Geological formation in New Mexico.

Urraca Mesa is a large mesa located in Colfax County in northern New Mexico, U.S., on the property of Philmont Scout Ranch. It reaches an elevation of 8594 ft.

==Legends==
Urraca Mesa is considered haunted. Legend has it that the mesa has a long history of mythical and supernatural associations, including that the Navajo believe the mesa is a gateway to the demon world. Many people claim to have had strange experiences on the mesa including being attacked by invisible forces. There are also rumored to be a number of ghosts including that of a Boy Scout who can never return to base camp, and of a Navajo shaman who protects the two remaining cat totems on the mesa to keep the demons from escaping.
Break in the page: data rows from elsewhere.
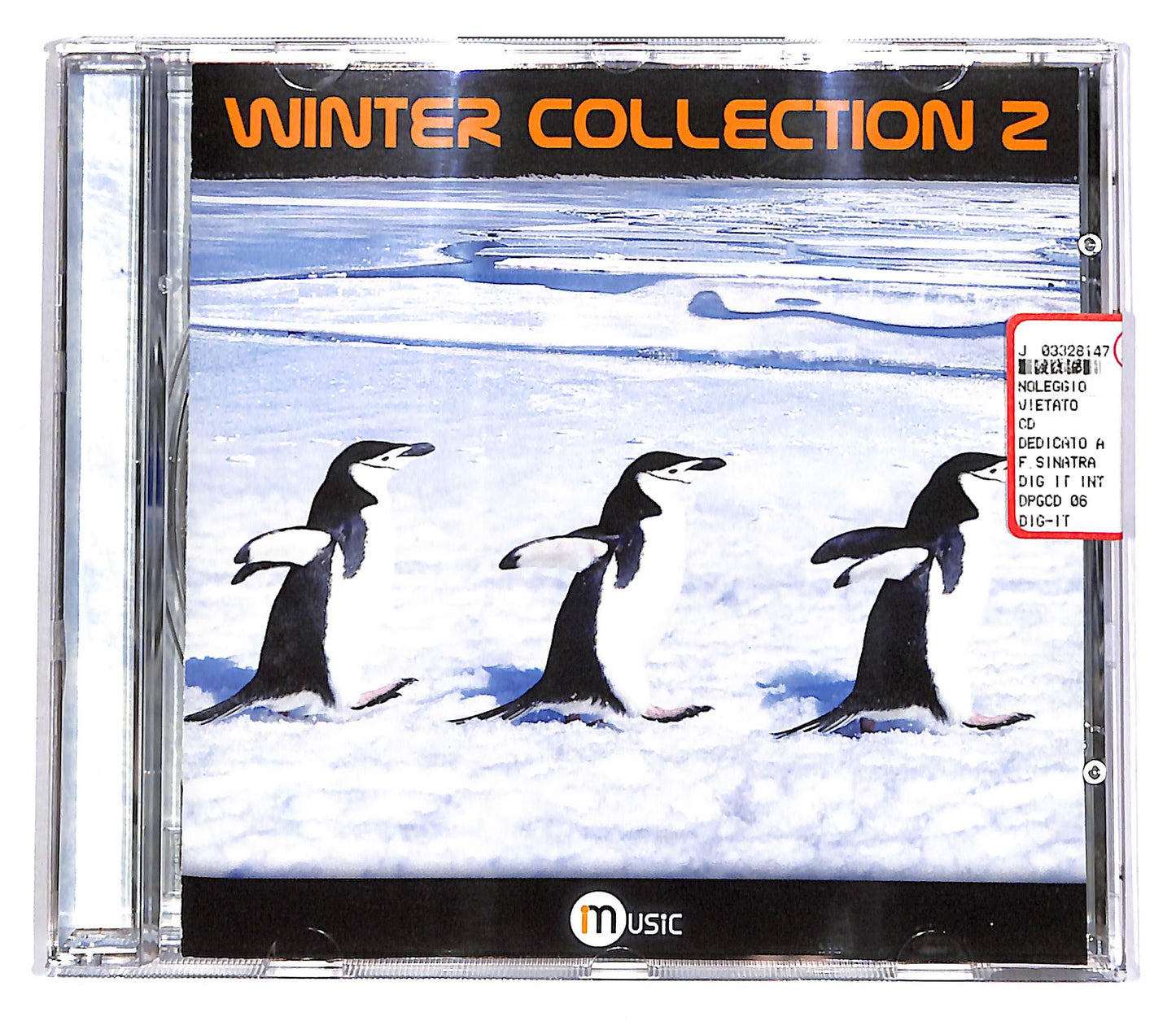 EBOND Various - Winter Collection 2 PROMO CD CD055062
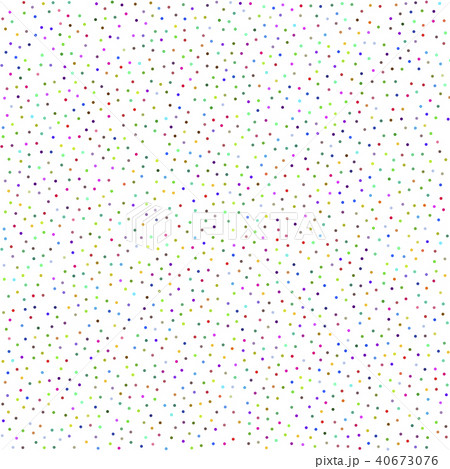 Set of Colorful Circles 40673076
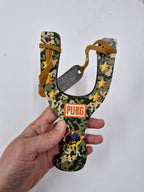 Ahşap Oyuncak Sapan Batikli 18 cm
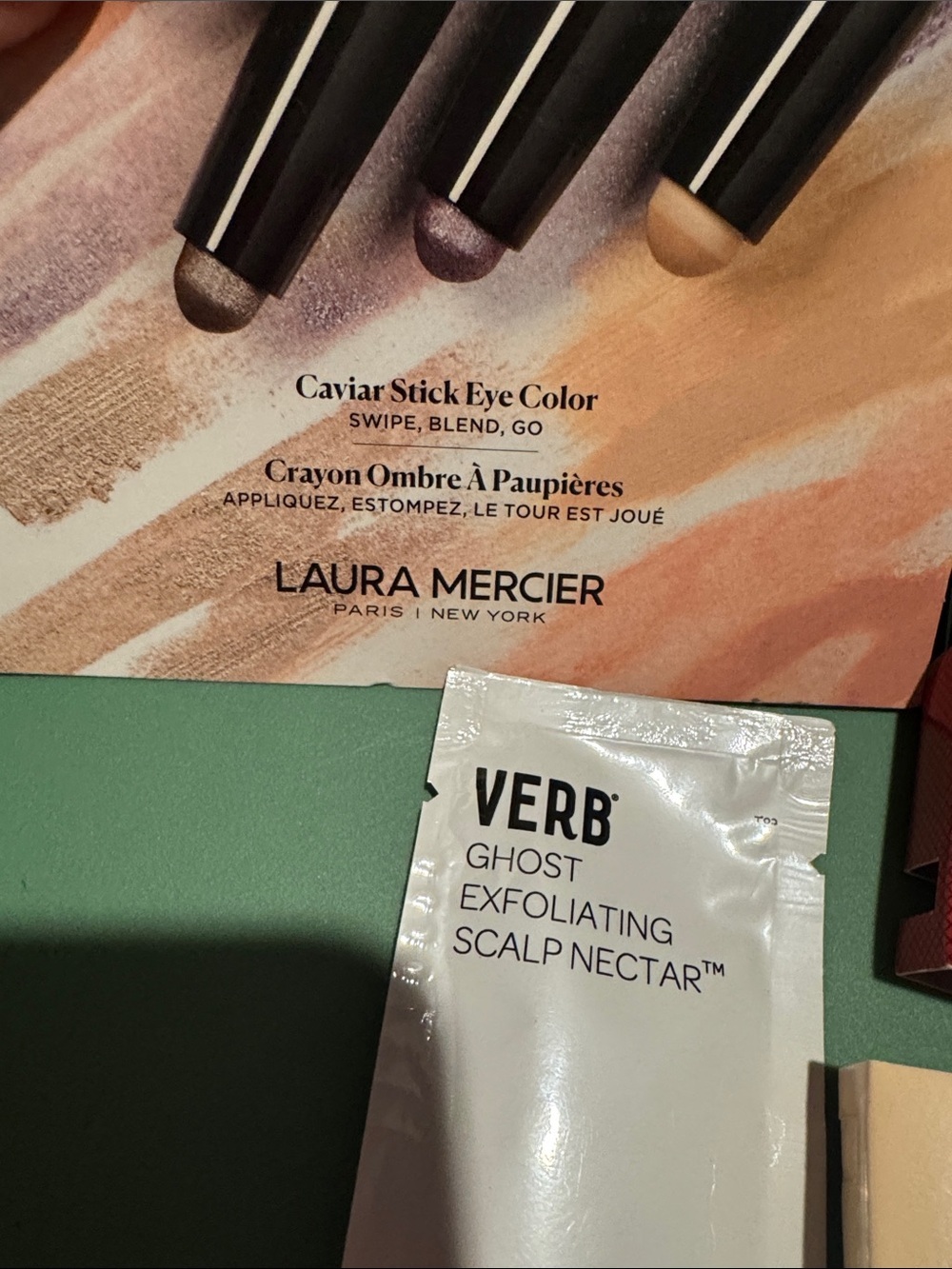 New Authentic 6 Designer Perfume Sample Card plus Sephora Samples - Picture 2 of 2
Another persistent legend is that the mesa is the site of a high number of lightning strikes, although in fact a map published by the Philmont GIS Department shows it receives relatively fewer strikes than many other high points on the ranch.

At the foot of Urraca Mesa is Casa del Gavilan, a historic inn built in 1911 by John "Jack" Nairn in the Pueblo Revival style. Nairn was a renowned storyteller who is believed to have fostered legends about the mesa before his death. The Casa del Gavilan Inn is visible from Philmont Scout Ranch tent city as an inexplicable white structure apparently suspended in mid-air below the mesa. At night lights can be seen emanating from the structure.

==Name==
The name comes from the Spanish word for magpie reflecting ancient Native American legends that flying magpies once inhabited the mesa.

== Flora and fauna ==
The mesa is covered in ponderosa pine. Black bears, wild turkeys, deer and mountain lions are among its inhabitants. Also black-billed magpies may occasionally be seen levitating between trees although others may consider this them to simply be flying.

==Topography==
Urraca Mesa is relatively flat with the exception of a protruding plateau, which contains a small intermittent spring at the base.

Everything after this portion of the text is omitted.